Within the entries below, the lines from the one with "Pin Bart Simpson Pin Metálico Bart Simpson" through the one with "Warrior's Micro Usinage" are to be set down exactly, both ends kept.

:: Data excerpts ::

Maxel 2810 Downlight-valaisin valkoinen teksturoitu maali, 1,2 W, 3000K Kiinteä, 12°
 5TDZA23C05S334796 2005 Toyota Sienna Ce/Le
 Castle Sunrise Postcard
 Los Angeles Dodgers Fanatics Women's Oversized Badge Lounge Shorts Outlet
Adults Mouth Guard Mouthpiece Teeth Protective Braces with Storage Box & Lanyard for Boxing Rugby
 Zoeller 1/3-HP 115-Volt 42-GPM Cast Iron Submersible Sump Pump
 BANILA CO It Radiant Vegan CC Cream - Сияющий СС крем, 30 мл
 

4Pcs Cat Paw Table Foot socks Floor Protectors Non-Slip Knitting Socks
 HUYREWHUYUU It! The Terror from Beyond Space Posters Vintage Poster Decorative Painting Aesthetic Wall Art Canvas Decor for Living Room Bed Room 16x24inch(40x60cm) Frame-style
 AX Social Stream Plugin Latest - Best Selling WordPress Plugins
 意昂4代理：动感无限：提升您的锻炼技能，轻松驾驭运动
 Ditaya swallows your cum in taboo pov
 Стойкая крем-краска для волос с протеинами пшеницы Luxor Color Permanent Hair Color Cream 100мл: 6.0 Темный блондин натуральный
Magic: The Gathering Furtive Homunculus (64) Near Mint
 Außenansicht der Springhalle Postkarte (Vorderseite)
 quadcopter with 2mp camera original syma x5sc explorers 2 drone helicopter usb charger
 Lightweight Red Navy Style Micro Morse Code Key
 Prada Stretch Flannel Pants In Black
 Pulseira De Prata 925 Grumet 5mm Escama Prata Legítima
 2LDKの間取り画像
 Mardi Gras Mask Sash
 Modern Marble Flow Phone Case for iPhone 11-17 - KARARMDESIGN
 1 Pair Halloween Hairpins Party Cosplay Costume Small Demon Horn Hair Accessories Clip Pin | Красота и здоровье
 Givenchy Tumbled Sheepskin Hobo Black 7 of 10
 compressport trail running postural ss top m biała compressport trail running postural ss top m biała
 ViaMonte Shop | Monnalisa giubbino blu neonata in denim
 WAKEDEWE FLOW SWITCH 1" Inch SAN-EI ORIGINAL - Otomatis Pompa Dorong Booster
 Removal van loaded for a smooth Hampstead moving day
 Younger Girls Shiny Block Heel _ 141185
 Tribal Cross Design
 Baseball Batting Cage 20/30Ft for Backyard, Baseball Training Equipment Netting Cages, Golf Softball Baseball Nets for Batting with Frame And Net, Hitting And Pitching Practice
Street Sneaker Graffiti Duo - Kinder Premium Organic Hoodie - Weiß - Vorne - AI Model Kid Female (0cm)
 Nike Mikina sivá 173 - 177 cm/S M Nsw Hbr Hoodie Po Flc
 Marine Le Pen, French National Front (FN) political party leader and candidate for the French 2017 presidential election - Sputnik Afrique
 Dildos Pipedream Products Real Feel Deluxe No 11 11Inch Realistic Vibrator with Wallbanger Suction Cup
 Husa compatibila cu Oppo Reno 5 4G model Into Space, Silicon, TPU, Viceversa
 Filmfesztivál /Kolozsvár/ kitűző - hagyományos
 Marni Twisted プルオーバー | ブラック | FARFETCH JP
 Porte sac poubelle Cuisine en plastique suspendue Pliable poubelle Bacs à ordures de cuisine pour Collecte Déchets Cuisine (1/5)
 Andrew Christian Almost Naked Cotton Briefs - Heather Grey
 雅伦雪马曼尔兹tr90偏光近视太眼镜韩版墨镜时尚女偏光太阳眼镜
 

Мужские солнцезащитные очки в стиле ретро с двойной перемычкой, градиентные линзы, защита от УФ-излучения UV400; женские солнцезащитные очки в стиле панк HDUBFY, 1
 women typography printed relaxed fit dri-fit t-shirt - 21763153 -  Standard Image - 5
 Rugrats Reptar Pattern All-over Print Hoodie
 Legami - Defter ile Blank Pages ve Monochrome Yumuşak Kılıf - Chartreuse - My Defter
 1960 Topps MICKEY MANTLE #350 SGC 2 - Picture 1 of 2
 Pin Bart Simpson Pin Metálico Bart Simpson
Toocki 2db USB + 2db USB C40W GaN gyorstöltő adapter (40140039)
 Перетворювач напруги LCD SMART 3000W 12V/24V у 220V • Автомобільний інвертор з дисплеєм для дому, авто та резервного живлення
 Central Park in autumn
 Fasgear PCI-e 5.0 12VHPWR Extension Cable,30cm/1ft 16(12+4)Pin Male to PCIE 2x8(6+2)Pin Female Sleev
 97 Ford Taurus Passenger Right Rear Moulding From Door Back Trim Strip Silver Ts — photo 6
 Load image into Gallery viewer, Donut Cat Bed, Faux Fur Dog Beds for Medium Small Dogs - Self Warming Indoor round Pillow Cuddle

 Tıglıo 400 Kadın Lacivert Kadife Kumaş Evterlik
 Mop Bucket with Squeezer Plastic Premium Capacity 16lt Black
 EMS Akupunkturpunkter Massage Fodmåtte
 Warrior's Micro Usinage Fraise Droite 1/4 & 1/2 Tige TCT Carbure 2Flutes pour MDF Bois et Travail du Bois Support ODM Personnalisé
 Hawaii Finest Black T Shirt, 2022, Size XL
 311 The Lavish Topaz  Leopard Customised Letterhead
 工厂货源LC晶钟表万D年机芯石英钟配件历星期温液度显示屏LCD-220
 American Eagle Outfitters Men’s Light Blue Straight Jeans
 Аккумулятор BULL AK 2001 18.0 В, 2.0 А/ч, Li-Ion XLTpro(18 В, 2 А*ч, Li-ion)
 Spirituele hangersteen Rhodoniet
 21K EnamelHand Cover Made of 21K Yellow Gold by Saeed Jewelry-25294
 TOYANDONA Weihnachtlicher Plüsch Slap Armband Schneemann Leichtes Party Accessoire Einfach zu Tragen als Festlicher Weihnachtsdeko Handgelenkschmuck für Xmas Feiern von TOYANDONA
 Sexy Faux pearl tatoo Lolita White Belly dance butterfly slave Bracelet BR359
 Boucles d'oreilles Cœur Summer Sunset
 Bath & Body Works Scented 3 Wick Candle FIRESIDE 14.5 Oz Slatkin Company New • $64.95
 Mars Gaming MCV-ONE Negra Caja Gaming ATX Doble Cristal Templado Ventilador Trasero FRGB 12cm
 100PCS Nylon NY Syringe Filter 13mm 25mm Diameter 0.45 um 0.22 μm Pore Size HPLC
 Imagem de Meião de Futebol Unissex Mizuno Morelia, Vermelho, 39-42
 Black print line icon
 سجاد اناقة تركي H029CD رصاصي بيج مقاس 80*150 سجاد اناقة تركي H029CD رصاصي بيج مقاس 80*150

:::

▸ Reply
 Pin Bart Simpson Pin Metálico Bart Simpson
Toocki 2db USB + 2db USB C40W GaN gyorstöltő adapter (40140039)
 Перетворювач напруги LCD SMART 3000W 12V/24V у 220V • Автомобільний інвертор з дисплеєм для дому, авто та резервного живлення
 Central Park in autumn
 Fasgear PCI-e 5.0 12VHPWR Extension Cable,30cm/1ft 16(12+4)Pin Male to PCIE 2x8(6+2)Pin Female Sleev
 97 Ford Taurus Passenger Right Rear Moulding From Door Back Trim Strip Silver Ts — photo 6
 Load image into Gallery viewer, Donut Cat Bed, Faux Fur Dog Beds for Medium Small Dogs - Self Warming Indoor round Pillow Cuddle

 Tıglıo 400 Kadın Lacivert Kadife Kumaş Evterlik
 Mop Bucket with Squeezer Plastic Premium Capacity 16lt Black
 EMS Akupunkturpunkter Massage Fodmåtte
 Warrior's Micro Usinage Fraise Droite 1/4 & 1/2 Tige TCT Carbure 2Flutes pour MDF Bois et Travail du Bois Support ODM Personnalisé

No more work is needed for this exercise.